One major difference now: “Women’s issues,” a phrase Murkowski says she never sees in her mind without quote marks around it, have gone mainstream. When Stabenow was a county commission chairwoman and opened the first shelter for victims of domestic violence in Lansing, she got calls accusing her of trying to break up the family. Now there’s a federal Violence Against Women Act broadly supported by men, and acknowledgment that “women’s issues” concern everyone. In fact, Swers’s analysis of the 107th and 108th Congresses (2001 to 2005) showed that those issues “routinely constitute at least one-third of the Senate agenda,” and almost every senator sponsored such bills. “It’s very true that more men step up today,” Feinstein says. “That is the big point: Women’s issues have become everyone’s issues.”

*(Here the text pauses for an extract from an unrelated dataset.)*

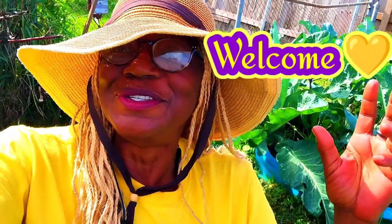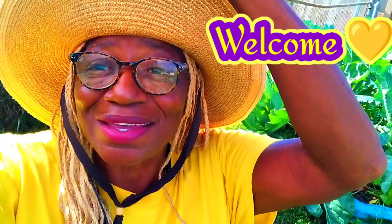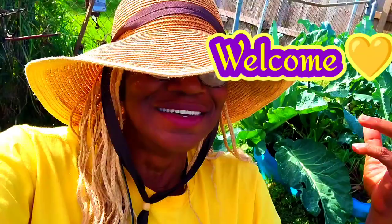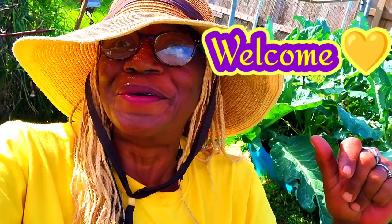I have some walking stick kale and thousand head kale over there in the welcoming committee bed, but I'll share that for another day. For right now, I'm gonna harvest this kale. I'm going to bring it inside, chop them up, and put it in my Instant Pot because I want to eat quick. I'm gonna put on some cornbread and fry some chicken wings — that's the menu today.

That’s eased the pressure on the Senate’s women to speak for all women and also to prove they are not preoccupied with women’s issues, a stereotype that some of them say is worrisome and some of them say they try to avoid. It remains the case that women are most often primary caregivers in their families, whether for children or elderly relatives, and they bring that experience to the front lines of legislating. “We all have to be generalists in the U.S. Senate. We all have to be advocates for our state,” says Wisconsin Democrat Tammy Baldwin. But she also says, “We can’t ignore the real-life experience that we bring to these jobs.” In her case, that has meant not only being the first openly gay person elected to the Senate, but also a woman who cared for the grandmother who raised her when she was in her 90s and in failing health. In the case of North Dakota Democrat Heidi Heitkamp, it means being a survivor of breast cancer.
The issues traditionally associated with women often involve spending, regulation, and abortion rights, making them an awkward fit with the Republican agenda of social conservatism and cutting taxes, spending, and regulation. The disconnect may be at least partly why there have never been more than five Republican women in the Senate at one time. But GOP gains may be inevitable, given the numbers’ steady upward creep.
The new generation is epitomized by two mothers of young children: Ayotte, who says, “It’s kind of absurd that it took women coming to Congress” to force the inclusion of women in clinical trials, and Gillibrand, who is cooking up a women’s economic-empowerment agenda that combines her own ideas and those of others into a marketable, promotable package. The chief elements are a minimum-wage increase, paid family leave, equal pay for equal work, affordable day care, and universal prekindergarten.
Scanning that list, it’s tempting to say the more things change, the more they stay the same. But a closer look shows that’s not the case. The family-leave proposal builds on the unpaid leave now available because of the efforts of earlier Capitol Hill pioneers. The minimum wage is a nontraditional “women’s issue” that Gillibrand put on her list because she says nearly two-thirds of those earning minimum wage are women. Then there’s Obama. The first law he signed was the Lilly Ledbetter Act making it easier for women to sue for equal pay. Universal pre-K, meanwhile, was a key proposal in the president’s most recent State of the Union address. The foundation for progress on these issues has been laid, but will Congress act? That will be a stiff test of their collegiality—and their clout.